··· RECORDS TO PROCESS ···

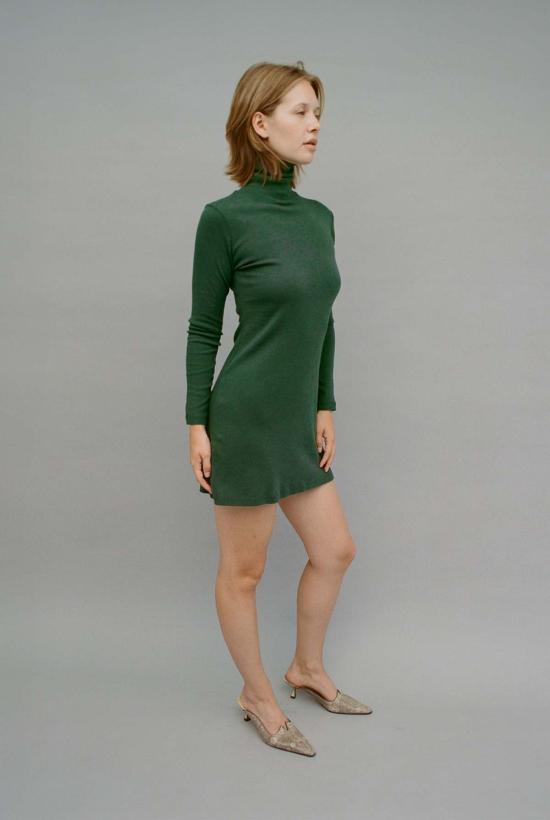  질 로드리게즈 숏 원피스 길 로드리게즈 터틀넥 롱사이즈 벨뷰 미니 드레스 - GIL RODRIGUEZ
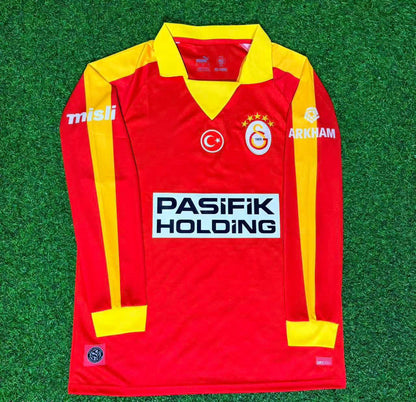 Galatasaray Legendary Retro Vintage Long Sleeve Football Jersey Kit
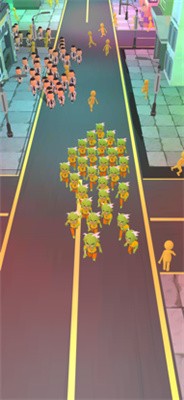 人群跑步城市 人群跑步城市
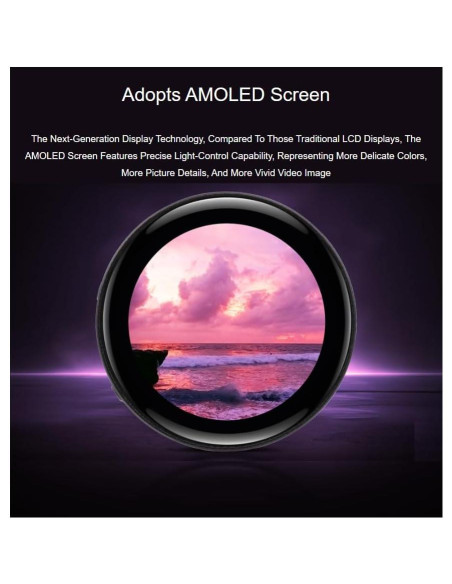 Placa de Desarrollo Waveshare ESP32-S3 AMOLED 1.43" 466x466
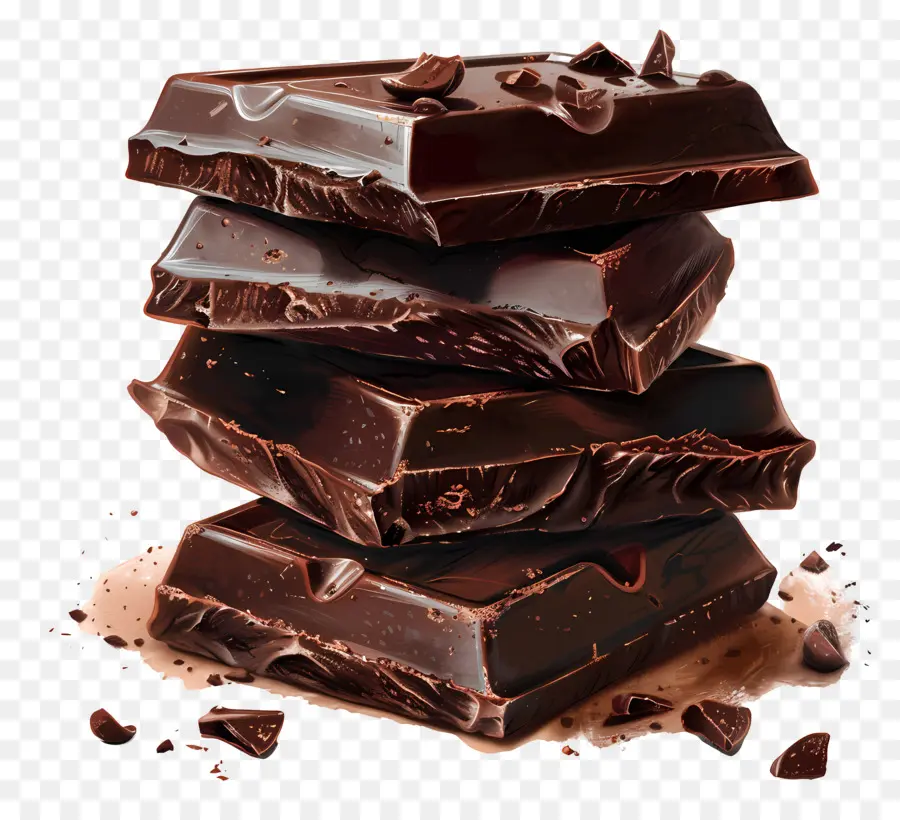 Barras De Chocolate，Chocolate PNG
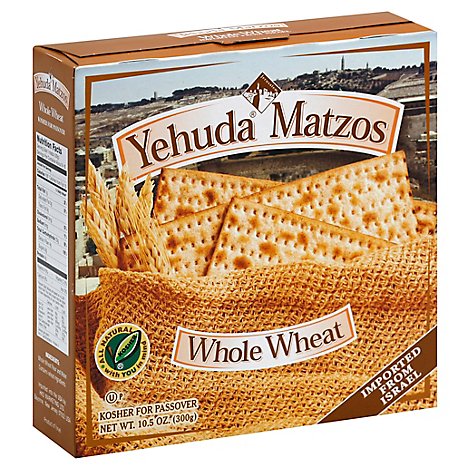 Yehuda Matzo Whole Wheat - 10.5 Oz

···

EXERCISE DIRECTIONS
Retype, exactly as written, each line from the one containing "Barras De Chocolate，Chocolate PNG" through the end of the data above, and leave out every picture.

REPLY
 Barras De Chocolate，Chocolate PNG
 Yehuda Matzo Whole Wheat - 10.5 Oz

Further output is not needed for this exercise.